Department of Radiology, University of North Carolina, Chapel Hill.
Cincinnati Children's Hospital Medical Center, Ohio.
Invest Radiol. 2018 Sep;53(9):551-554. doi: 10.1097/RLI.0000000000000452.
The aim of this study was to determine the severity of breakthrough reactions to gadobenate dimeglumine in patients premedicated with a 13-hour premedication regimen.
Institutional review board approval was obtained and informed consent waived for this Health Insurance Portability and Accountability Act-compliant retrospective cohort study. All acute allergic-like reactions to gadobenate dimeglumine from 11/1/2008 to 1/31/2016 were identified. Of these, 19 allergic-like reactions followed 13-hour premedication: 150 mg prednisone and 50 mg diphenhydramine (ie, "breakthrough reactions"). Reasons for premedication, risk factors, index reaction characteristics, and breakthrough reaction characteristics were catalogued. Reaction severities were assigned using American College of Radiology guidelines. Severities of breakthrough (n = 19) and nonbreakthrough reactions (n = 97) were compared with the Cochran-Armitage test for trend.
Premedication was most commonly given (63% [12/19]) for a previous allergic-like reaction to gadolinium-based contrast material (GBCM); in 37% (7/19), it was given for a different risk factor. In those premedicated for a previous allergic-like reaction to GBCM of known severity (n = 9), the breakthrough reaction severity was the same as index reaction severity in 56% (5/9), less severe in 11% (1/9), and of greater severity in 33% (3/9). Two severe breakthrough reactions occurred; both were in subjects premedicated for risk factors other than a previous GBCM reaction. No subjects died. Five subjects were reexposed to GBCM a total of 9 times; no repeat breakthrough reactions occurred. Breakthrough reactions were more severe than nonbreakthrough reactions (P = 0.046), but the level of significance was borderline.
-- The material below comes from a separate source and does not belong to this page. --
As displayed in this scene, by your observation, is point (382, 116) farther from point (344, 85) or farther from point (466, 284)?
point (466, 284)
Premedication does not eliminate severe reactions to gadobenate dimeglumine. Breakthrough reactions to gadobenate dimeglumine can be of greater severity than index reactions.
本研究旨在确定经 13 小时预给药方案预给药的患者中出现钆喷酸葡胺突破性反应的严重程度。
本符合《健康保险流通与责任法案》的回顾性队列研究获得了机构审查委员会的批准,并豁免了知情同意。从 2008 年 11 月 1 日至 2016 年 1 月 31 日,所有对钆喷酸葡胺的急性过敏样反应均被确定。其中,19 例过敏样反应发生在 13 小时预给药后:150mg 泼尼松和 50mg 苯海拉明(即“突破性反应”)。记录预给药的原因、危险因素、指数反应特征和突破性反应特征。根据美国放射学院指南分配反应严重程度。使用 Cochran-Armitage 检验进行趋势比较,比较突破性(n=19)和非突破性反应(n=97)的严重程度。
预给药最常用于(63%[19/29])先前对基于钆的对比剂(GBCM)的过敏样反应;在 37%(7/19)的情况下,是为了不同的危险因素而给药。在已知严重程度(n=9)的先前 GBCM 过敏样反应预给药的患者中,56%(5/9)的突破性反应严重程度与指数反应严重程度相同,11%(1/9)的反应严重程度较轻,33%(3/9)的反应严重程度较重。发生了 2 例严重的突破性反应;两者均发生在因非先前 GBCM 反应的危险因素而预给药的患者中。没有患者死亡。5 名患者总共 9 次再次接触 GBCM;没有发生重复的突破性反应。突破性反应比非突破性反应更严重(P=0.046),但显著性水平为边缘。
预给药并不能消除对钆喷酸葡胺的严重反应。钆喷酸葡胺的突破性反应可能比指数反应更严重。